Stars Warren Beatty, Dustin Hoffman, Isabelle Adjani, Charles Grodin.
In terms of personal career enhancement, having the box cover art for such a notorious comedy read “Undeniable Hilarity – Mike Clark, USA Today” ranks somewhere around, say, New York City mayoral hopeful Anthony Weiner’s most recent exhibitionist meltdown. But, please, a little perspective before you whisk me to the gallows minus some molars. Actually released to mixed reviews (OK, low-end mixed reviews), the movie is, of course, best known for prodigious cost overruns partially sparked by Elaine May’s directorial indecision that led this Road to Morocco for the 1980s to be termed “The Road to Ruin” by one or more industry wags.
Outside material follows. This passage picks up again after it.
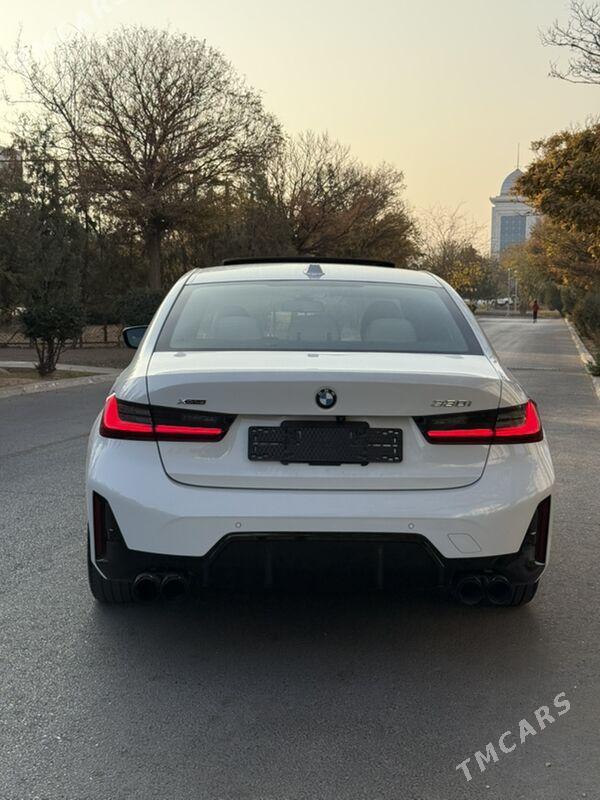 BMW 330 2023 - 730 000 TMT - Ашхабад - img 4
Accordingly, easy-to-pronounce Ishtar has become, for a quarter century now, convenient shorthand to convey a bomb for all seasons immersed in a tsunami of red ink (and we’ve had quite a few younger upstarts drop just as dead this past summer, haven’t we?).
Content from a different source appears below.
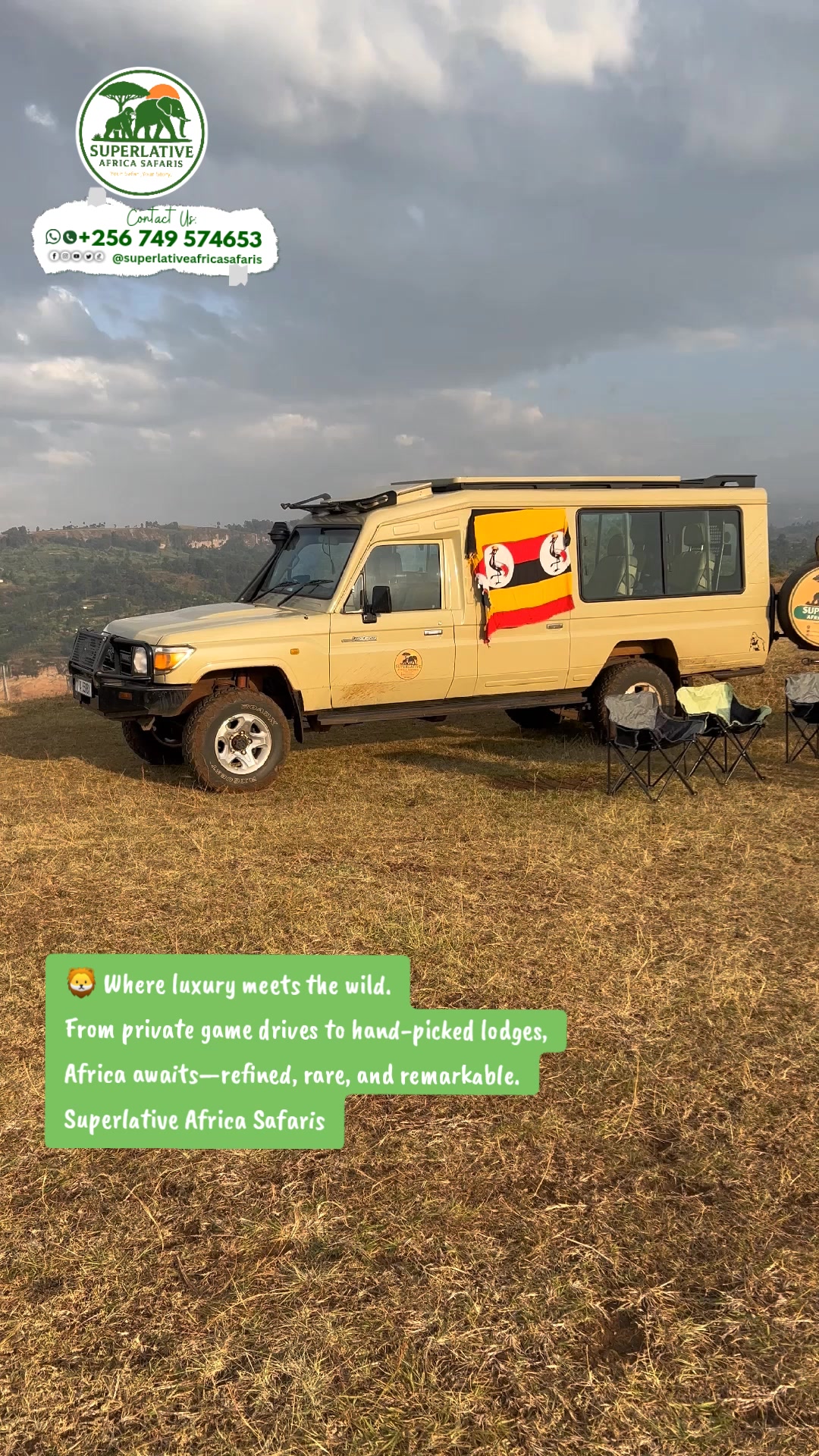 @Superlative Africa Safaris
Truth is, any professional moviegoer sees at least a comedy a week (or two, or three) that is much, much worse than this mild but agreeable misfire with redeeming chuckles that also just happened to break Columbia Pictures’ bank. If memory serves, my long-ago review noted “undeniable hilarity” in the pre-desert NYC establishing scenes and a little more of the same near the end — atop, alas, a barren hour or 70 minutes in a long midsection where nothing in particular happened. I will still go with this assessment, if not to the degree that Sony’s elective quoting conveys, except for a couple tweaks. The hilarity, such as we get, likely will prove deniable by many who see it — and there is, to be fair to the desert footage, Dustin Hoffman’s not so culturally enlightened scene midway in (involving language barriers and Arabs) that is genuinely funny because the actor is really giving it his all.
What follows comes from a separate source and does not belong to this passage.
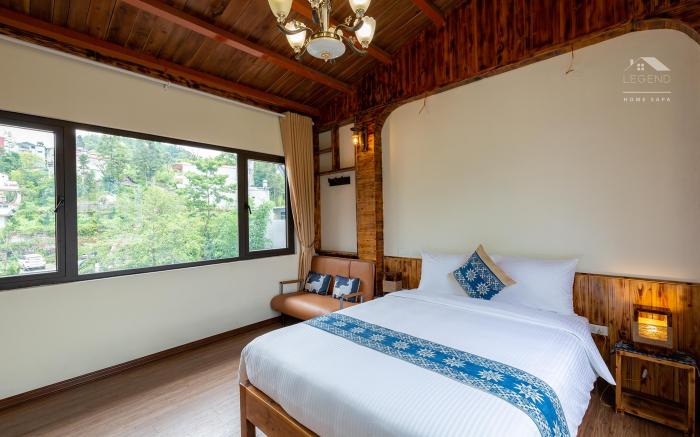 Legend Home Sapa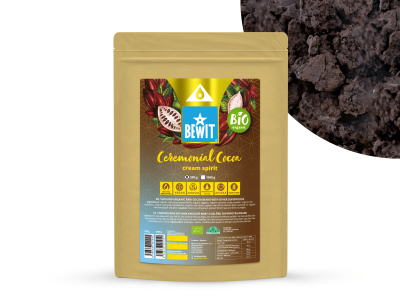 BEWIT Cacao ceremonială Cream Spirit, BIO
So what is May’s script about (because I suspect that so many of its lambast-ers have never actually seen the picture)? Well, Warren Beatty and Hoffman play singer/songwriters named Rogers & Clarke — which is so close to Rodgers & Hart that it may be a not-bad intended gag — whose tunes are dreadful and performed by the leads wince-inducingly enough to make William Shatner’s old recordings sound like Dick Haymes at his peak. Desperate for any gig and abandoned by their respective squeezes (the gag here is that onetime real-life gangster-of-love Beatty can’t get a date), they take a bargain-basement engagement in a desert burg mired in international intrigue involving a threatened Emir and his CIA cronies (Elaine May veteran Charles Grodin can’t be beat here as an Agency smoothie). Tough as it is to believe given a movie of this vintage, the leads were already 50 when Ishtar came out, and thus, they’re a wee bit ripe for their roles. And Beatty’s then-g.f. Isabelle Adjani spends most of the movie with her face obscured — her character assumed to be a boy for much of the duration, though she (or her double) does flash a breast that I’m willing to bet has been Internet-immortalized for a couple decades. This isn’t a whole lot to work with, given that the Crosby-Hope Road to Morocco still boasts one of Bing’s greatest standards (“Moonlight Becomes You”); Anthony Quinn as its heavy; and the all-time bit where Crosby breaks up on camera when a camel spits in his partner’s eye (a startling surprise Paramount wisely let remain in the picture).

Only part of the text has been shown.